Propos recueillis par Laurent Muhleisen, conseiller littéraire de la Comédie-Française

Quand le destin est enfermé dans un étui à chapeau.


Des pièces de Labiche, Un chapeau de paille d'Italie me semble être l'une des plus attachantes. Peut-être parce que le mécanisme qu'elle met en place a quelque chose à voir directement avec l’inconscient, avec ce qui est caché et qui tout à coup surgit. Les mots d’esprit sont là pour en témoigner, eux qui révèlent cet inconscient. Mais la pièce a aussi quelque chose à voir avec cette chose étrange que l'on pourrait appeler le « perturbant », l'élément qui dérange… D'un côté il y a une situation très drôle, faite d'événements qui s’enchaînent d’une façon presque casuelle, mais d'un autre côté, il y a un dessein. Ce dessein est en soi très drôle aussi, et pourtant il a trait à l'idée du destin, de fatum : il est matérialisé par un chapeau de paille enfermé dans un étui. Dans ce contexte, j’ai repensé à Walter Benjamin qui écrivait que le XIXe siècle français avait fabriqué des étuis ; les maisons mêmes étaient des étuis, contenues dans des passages. Tout était pensé selon un système clos, avec parfois des flâneurs qui passaient. Dans Un chapeau de paille d'Italie, tout commence avec un chapeau. Ce chapeau est là, mais on ne sait pas qu’il est là. Qu’il est là depuis début. Tout ce voyage est donc destiné à la quête d'une chose qui est déjà là, cachée quelque part dans la maison. Une maison où l'histoire commence et où elle se finit. Le hasard des événements est en réalité toujours compris dans le même système… Clara fait partie de ce système – c'est une « ancienne ». La Baronne aussi, puisqu'elle est la marraine de la femme qui est là depuis le début. Mais aussi Beauperthuis, puisqu'il est le mari de ladite femme… Paradoxalement, on revient donc toujours au même système par hasard. Ce système se compose de relations assez larges où Fadinard retrouve des choses qui ont à voir avec son passé ou avec le passé des autres… Il s'agit donc aussi un voyage dans le temps.

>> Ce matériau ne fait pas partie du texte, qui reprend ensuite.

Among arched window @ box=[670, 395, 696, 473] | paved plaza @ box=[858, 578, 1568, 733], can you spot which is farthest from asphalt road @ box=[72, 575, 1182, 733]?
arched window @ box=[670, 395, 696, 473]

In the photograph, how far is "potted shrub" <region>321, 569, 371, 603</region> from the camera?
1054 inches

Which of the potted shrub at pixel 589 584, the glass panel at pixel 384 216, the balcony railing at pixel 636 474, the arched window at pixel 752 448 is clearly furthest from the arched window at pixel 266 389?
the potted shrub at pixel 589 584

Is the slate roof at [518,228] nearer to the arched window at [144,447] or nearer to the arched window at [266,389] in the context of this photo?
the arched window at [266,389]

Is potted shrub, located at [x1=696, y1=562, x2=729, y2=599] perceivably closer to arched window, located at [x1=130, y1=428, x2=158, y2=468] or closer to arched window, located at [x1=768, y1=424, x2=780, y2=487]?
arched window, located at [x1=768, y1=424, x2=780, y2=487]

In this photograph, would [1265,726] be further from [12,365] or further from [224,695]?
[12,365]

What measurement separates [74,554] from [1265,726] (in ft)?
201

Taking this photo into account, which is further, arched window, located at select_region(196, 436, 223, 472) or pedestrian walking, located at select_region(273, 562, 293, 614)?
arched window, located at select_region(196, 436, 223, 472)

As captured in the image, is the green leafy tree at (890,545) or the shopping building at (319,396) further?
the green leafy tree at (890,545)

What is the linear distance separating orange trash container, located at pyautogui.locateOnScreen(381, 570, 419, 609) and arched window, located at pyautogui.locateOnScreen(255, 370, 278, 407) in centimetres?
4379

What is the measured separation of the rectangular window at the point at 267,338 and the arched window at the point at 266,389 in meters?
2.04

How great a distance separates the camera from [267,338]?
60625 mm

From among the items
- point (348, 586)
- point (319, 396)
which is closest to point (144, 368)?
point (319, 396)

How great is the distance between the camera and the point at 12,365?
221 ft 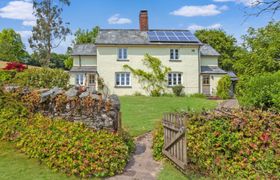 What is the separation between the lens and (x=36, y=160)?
6.76 m

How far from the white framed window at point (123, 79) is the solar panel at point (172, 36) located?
4.51 metres

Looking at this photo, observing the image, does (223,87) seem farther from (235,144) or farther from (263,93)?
(235,144)

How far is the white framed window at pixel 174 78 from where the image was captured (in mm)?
26812

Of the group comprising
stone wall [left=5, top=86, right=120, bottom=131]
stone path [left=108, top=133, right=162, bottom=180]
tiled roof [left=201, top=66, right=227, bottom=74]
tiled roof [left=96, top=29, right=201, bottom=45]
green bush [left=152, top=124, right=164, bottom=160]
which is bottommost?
stone path [left=108, top=133, right=162, bottom=180]

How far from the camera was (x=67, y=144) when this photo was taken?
654 centimetres

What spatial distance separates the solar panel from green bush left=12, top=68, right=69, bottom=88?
16057 millimetres

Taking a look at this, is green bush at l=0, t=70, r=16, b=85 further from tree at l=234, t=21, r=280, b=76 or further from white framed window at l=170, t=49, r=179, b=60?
tree at l=234, t=21, r=280, b=76

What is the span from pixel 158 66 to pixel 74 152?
21.0m

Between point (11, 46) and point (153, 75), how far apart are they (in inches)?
1722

Quand le vaudeville dérape.


Dans le vaudeville, bien sûr il y a toujours un lien très fort avec la convention bourgeoise ; le mari, la femme, l’amant, les portes qui s'ouvrent et se ferment, les apparitions, les disparitions. Dans Un chapeau de paille d'Italie, quand ce(lui) qui est caché réapparaît, on échappe soudain à cette convention et on entre dans une sorte d’étrange cauchemar, où la lecture de ces thèmes « dérape ». À cet endroit j’imagine assez des tableaux surréalistes contenant des objets cachés, mais je pense aussi aux Marx brothers ou à Buster Keaton… Il y a des enchainements d’événements qui emmènent ailleurs et soudain on se retrouve dans un endroit qui fait peur en même temps qu'il fait rire. Au milieu de tout cela, il y a cette détermination de Fadinard qui veut arriver au bout de sa quête, détermination qui va bien au-delà des raisons pour lesquelles il l'entreprend. Fadinard, au fond, c’est un gentil qui peut devenir très méchant et violent parce qu’on le pousse dans cette direction. À chaque fois qu'il est tenté de laisser tomber sa quête, un événement survient qui l'oblige à repartir. Tout cela se passe en une journée, au cours de laquelle il trouve en plus le temps de se marier, comme cela, presque en passant. Et puis, il continue... Les stratagèmes qu'il imagine pour se libérer de la noce qui le talonne frisent l'absurde ; sans cesse, des forces centrifuges et centripètes le ramènent vers celle-ci, ou l’en éloignent, comme dans une variation folle autour du thème du mariage, ciment de la vie familiale et de la vie sociale du XIXe siècle. À la fin de pièce, on revient à l'endroit où tout a commencé, mais en plein air, et sous la pluie qui plus est. La boucle est bouclée, tout finit bien en apparence mais, chose étrange, tous les protagonistes semblent vraiment désemparés, perdus.


Le décor comme langage poétique.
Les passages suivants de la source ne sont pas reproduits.